11. Hukuk Dairesi 2014/11228 E. , 2014/19685 K.
"İçtihat Metni"MAHKEMESİ :FİKRİ VE SINAÎ HAKLAR HUKUK MAHKEMESİ
Taraflar arasında görülen davada ... 3. Fikri ve Sınaî Haklar Hukuk Mahkemesi’nce verilen 22/10/2013 tarih ve 2012/169-2013/189 sayılı kararın Yargıtayca incelenmesi davacı vekili tarafından istenmiş ve temyiz dilekçesinin süresi içinde verildiği anlaşılmış olmakla, dava dosyası için Tetkik Hakimi ... tarafından düzenlenen rapor dinlendikten ve yine dosya içerisindeki dilekçe, layihalar, duruşma tutanakları ve tüm belgeler okunup, incelendikten sonra işin gereği görüşülüp, düşünüldü:
Davacı vekili, müvekkilinin "..." ibaresinin marka olarak tescili için davalı TPE’ye yaptığı başvurunun üçüncü kişilere ait "..." ve "... internet" ibareli markalara dayalı olarak 556 sayılı KHK’nın 7/1-b maddesi uyarınca tümden reddedildiğini, bu karara yaptıkları itirazın YİDK tarafından kısmen kabul edildiğini ve 9.sınıftaki bazı mallar yönünden başvurunun ilanına karar verildiğini, diğer mallar yönünden ise itirazın reddedildiğini, bu kararın yerinde olmadığını, zira müvekkilinin söz konusu ibareyi uzun yıllardır tescilli olarak kullandığını, "..." ibaresi üzerinde müvekkilinin müktesep hakkının bulunduğunu, redde gerekçe gösterilen markalar ile dava konusu başvuru arasında ayniyet ya da ayırt edilemeyecek derecede benzerlik bulunmadığını ileri sürerek, TPE YİDK"nın 2012-M-1783 sayılı kararının iptaline karar verilmesini talep ve dava etmiştir.

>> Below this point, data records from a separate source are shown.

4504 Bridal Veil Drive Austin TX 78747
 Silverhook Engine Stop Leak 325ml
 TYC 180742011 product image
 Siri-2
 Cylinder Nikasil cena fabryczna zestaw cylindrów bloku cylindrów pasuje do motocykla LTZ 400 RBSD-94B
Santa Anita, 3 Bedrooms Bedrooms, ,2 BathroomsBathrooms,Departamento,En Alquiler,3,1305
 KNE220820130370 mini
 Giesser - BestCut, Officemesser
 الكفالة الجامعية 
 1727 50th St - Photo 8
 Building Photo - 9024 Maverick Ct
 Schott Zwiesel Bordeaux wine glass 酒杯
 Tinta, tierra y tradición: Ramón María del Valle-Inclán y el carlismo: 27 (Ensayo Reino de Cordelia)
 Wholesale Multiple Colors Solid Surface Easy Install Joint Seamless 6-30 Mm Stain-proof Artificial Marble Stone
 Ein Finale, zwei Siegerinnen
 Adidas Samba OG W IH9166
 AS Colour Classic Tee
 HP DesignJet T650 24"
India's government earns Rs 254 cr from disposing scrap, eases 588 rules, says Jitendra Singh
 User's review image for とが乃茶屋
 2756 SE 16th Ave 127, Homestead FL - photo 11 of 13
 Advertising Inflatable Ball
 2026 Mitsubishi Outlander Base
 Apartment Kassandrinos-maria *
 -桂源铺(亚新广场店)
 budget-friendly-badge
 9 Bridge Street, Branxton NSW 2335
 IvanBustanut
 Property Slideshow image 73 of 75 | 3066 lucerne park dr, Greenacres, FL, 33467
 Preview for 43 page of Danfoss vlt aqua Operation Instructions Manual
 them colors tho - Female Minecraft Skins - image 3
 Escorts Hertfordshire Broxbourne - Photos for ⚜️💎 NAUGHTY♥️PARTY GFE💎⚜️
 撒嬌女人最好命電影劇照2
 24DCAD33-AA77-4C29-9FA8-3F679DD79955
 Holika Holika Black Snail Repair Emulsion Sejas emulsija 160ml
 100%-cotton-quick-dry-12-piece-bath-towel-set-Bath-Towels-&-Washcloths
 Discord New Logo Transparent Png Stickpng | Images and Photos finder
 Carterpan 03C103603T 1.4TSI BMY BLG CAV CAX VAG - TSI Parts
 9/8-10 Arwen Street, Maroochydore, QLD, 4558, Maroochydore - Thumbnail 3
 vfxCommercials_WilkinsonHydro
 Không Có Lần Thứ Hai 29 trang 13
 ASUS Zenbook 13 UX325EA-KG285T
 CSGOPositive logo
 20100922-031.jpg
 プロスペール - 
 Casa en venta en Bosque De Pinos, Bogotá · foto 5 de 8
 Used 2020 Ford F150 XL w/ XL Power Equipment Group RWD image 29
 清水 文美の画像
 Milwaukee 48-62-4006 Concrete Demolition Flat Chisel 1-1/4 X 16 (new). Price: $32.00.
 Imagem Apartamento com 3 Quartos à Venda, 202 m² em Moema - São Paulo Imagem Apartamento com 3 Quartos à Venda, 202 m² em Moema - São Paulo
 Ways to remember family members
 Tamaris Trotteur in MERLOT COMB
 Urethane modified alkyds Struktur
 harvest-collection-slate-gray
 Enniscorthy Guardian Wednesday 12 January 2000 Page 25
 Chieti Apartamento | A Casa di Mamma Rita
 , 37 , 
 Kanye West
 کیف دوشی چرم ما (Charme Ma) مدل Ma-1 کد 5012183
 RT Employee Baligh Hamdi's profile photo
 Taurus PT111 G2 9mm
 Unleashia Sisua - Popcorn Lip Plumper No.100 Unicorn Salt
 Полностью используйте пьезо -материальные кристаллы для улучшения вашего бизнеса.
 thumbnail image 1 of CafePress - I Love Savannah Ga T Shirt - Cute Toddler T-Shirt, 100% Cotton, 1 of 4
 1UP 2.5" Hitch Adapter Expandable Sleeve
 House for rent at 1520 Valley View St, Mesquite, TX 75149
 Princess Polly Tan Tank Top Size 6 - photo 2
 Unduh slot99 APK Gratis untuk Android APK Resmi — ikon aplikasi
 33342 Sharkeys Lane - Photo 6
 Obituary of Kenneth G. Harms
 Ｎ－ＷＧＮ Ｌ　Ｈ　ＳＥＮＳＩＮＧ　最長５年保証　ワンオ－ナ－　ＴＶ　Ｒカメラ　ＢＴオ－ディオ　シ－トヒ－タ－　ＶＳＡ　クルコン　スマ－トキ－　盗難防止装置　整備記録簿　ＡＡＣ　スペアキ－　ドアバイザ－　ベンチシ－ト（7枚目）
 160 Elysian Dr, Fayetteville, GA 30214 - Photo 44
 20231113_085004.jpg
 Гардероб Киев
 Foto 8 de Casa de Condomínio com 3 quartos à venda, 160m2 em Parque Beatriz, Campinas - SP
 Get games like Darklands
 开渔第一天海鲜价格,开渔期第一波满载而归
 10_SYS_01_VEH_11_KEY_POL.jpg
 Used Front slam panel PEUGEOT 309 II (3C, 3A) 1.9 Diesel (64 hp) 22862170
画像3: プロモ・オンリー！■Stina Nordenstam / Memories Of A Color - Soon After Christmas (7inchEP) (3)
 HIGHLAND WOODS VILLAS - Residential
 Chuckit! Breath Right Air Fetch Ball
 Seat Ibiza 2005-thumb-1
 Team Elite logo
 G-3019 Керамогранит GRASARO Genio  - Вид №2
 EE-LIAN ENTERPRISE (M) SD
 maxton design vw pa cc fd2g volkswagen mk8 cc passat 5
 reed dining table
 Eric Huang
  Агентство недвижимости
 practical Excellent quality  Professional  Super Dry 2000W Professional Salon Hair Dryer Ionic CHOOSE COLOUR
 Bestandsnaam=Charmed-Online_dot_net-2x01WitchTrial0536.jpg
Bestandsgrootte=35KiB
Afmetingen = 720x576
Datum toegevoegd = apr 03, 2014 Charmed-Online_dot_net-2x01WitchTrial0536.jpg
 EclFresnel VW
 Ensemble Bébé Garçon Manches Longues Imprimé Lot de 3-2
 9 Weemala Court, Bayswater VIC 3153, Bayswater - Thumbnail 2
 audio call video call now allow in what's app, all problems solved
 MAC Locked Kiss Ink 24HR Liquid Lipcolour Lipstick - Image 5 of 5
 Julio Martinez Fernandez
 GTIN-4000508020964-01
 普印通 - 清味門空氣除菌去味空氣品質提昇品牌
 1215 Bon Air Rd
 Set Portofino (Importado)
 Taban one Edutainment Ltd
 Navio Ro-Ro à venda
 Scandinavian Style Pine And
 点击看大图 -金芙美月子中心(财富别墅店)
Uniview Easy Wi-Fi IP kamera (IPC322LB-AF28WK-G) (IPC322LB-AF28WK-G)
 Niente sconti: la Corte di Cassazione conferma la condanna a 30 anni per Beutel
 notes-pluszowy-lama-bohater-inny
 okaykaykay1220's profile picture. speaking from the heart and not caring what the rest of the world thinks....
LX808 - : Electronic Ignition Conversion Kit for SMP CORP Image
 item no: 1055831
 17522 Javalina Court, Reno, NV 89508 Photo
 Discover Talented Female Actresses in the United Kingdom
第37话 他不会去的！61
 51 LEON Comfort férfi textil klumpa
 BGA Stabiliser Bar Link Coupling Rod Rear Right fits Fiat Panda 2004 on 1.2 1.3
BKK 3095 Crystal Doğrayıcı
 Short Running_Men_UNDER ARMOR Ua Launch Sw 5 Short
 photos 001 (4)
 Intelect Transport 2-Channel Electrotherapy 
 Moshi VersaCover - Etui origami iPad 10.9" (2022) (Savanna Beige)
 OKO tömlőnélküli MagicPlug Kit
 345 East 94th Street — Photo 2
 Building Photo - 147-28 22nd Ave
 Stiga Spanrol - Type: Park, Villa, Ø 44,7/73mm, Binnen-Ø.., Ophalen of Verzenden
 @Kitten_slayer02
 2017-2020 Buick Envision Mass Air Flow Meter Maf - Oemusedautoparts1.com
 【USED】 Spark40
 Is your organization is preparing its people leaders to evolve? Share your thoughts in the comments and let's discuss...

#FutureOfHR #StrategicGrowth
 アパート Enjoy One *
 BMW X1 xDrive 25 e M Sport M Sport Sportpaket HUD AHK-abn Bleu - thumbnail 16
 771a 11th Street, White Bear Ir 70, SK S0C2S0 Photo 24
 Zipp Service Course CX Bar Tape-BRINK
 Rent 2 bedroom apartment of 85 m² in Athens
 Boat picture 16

Davalı vekili, davanın reddini istemiştir.
Mahkemece, iddia, savunma ve tüm dosya kapsamına göre, dava konusu başvuru ile redde mesnet markaların aynı mal ve hizmetlere ilişkin oldukları, yine başvuru konusu ibare ile redde mesnet "..." markasının aynı olduğu, redde mesnet yapılan diğer marka ile başvuru konusu ibarenin ayırt edilemeyecek derecede benzer bulunduğu, her ne kadar davacı taraf müktesep hak iddiasında bulunmuş ise de davacının müktesep hak sahibi olduğu emtialar yönünden başvurunun kabul edildiği, reddedilen mal ve hizmetler yönünden ise davacının bir müktesep hakkının bulunmadığı, yine gerçek hak sahipliğinin ya da tanınmışlığın 556 sayılı KHK"nın 7/son maddesi kapsamında davacıya bir hak bahşetmeyeceği, tescil engeli olan markalar hükümden düşmedikçe davacı markasının tescil edilemeyeceği, bu durumda iptali istenen YİDK kararında bir hukuka aykırılık bulunmadığı gerekçesiyle davanın reddine karar verilmiştir.
Kararı, davacı vekili temyiz etmiştir.
Dava dosyası içerisindeki bilgi ve belgelere, mahkeme kararının gerekçesinde dayanılan delillerin tartışılıp, değerlendirilmesinde usul ve yasaya aykırı bir yön bulunmamasına göre, davacı vekilinin tüm temyiz itirazları yerinde değildir.
SONUÇ: Yukarıda açıklanan nedenlerden dolayı, davacı vekilinin bütün temyiz itirazlarının reddiyle usul ve kanuna uygun bulunan hükmün ONANMASINA, davacıdan temyiz harcı peşin alındığından başkaca harç alınmasına mahal olmadığına, 12.12.2014 tarihinde oybirliğiyle karar verildi.